PROBLEM STATEMENT - In the data below, begin at the line with "Hi everybody! Today" and stop after the line with "A black box"; output those lines exactly and no pictures.

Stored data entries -
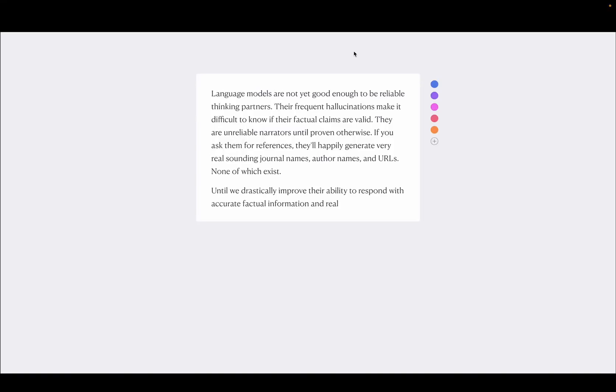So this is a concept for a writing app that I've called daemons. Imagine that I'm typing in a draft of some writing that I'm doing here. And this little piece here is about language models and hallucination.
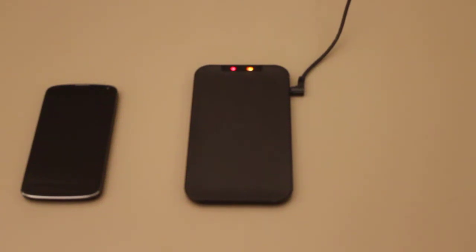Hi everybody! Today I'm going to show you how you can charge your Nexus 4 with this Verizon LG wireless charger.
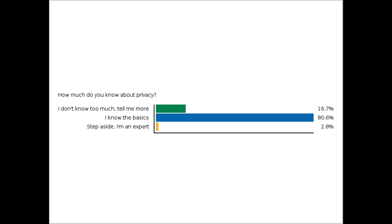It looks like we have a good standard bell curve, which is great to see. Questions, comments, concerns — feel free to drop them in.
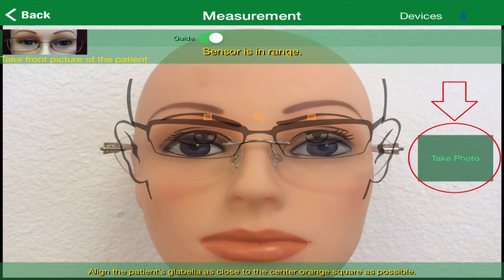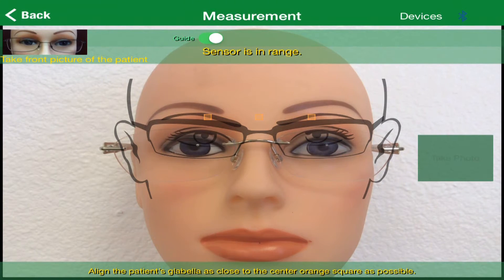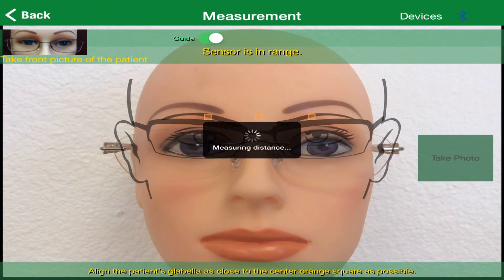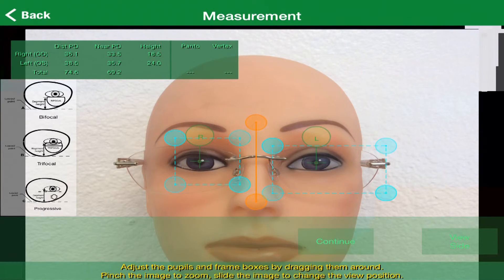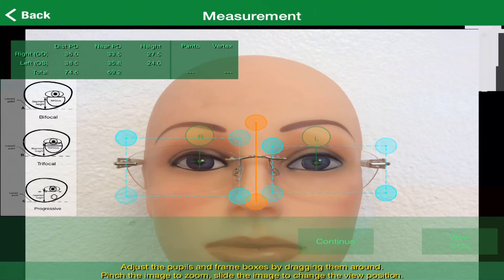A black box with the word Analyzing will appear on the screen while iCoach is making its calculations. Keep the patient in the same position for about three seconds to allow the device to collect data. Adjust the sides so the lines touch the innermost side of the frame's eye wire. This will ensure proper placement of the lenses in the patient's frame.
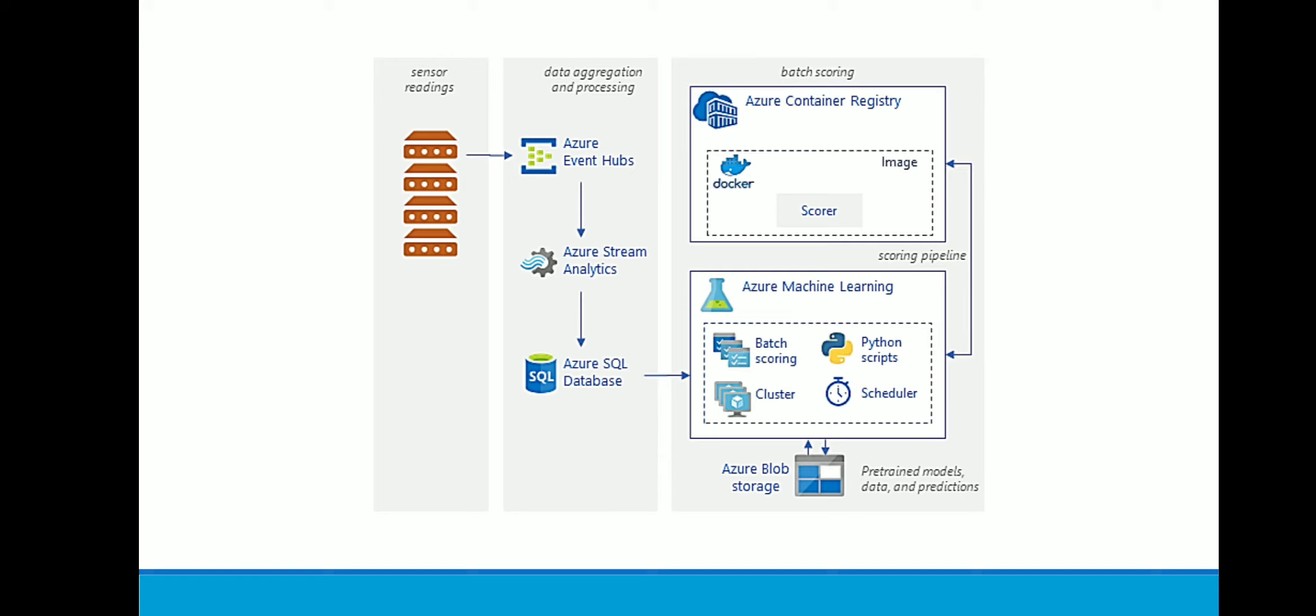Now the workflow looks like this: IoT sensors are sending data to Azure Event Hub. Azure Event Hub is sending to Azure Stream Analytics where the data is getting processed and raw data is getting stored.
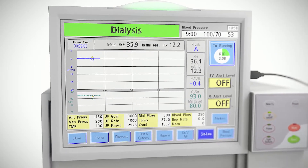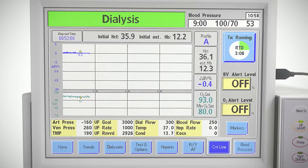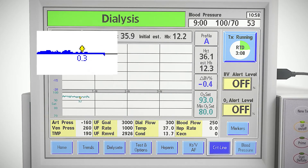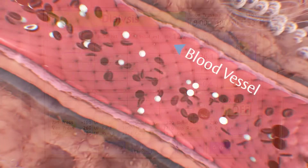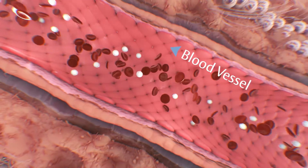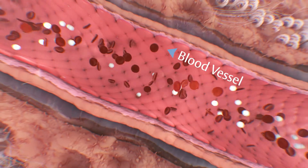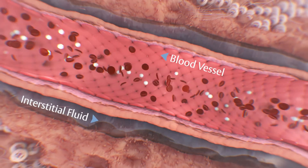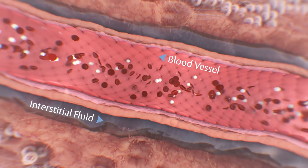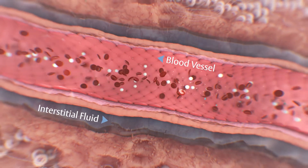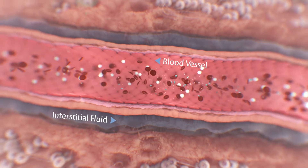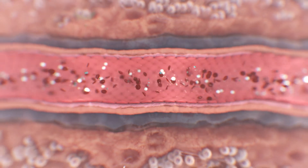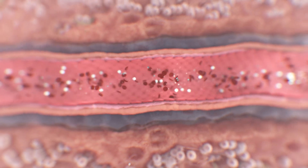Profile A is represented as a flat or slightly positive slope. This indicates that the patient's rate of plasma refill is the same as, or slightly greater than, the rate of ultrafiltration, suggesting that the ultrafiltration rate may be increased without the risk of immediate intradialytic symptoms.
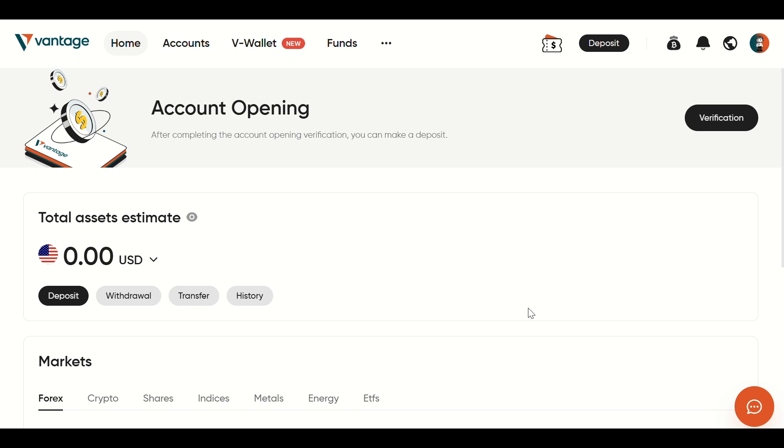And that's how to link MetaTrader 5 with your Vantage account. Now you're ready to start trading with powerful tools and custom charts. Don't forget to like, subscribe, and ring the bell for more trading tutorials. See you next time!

FINISHED TASK -
Hi everybody! Today I'm going to show you how you can charge your Nexus 4 with this Verizon LG wireless charger.
It looks like we have a good standard bell curve, which is great to see. Questions, comments, concerns — feel free to drop them in.
A black box with the word Analyzing will appear on the screen while iCoach is making its calculations. Keep the patient in the same position for about three seconds to allow the device to collect data. Adjust the sides so the lines touch the innermost side of the frame's eye wire. This will ensure proper placement of the lenses in the patient's frame.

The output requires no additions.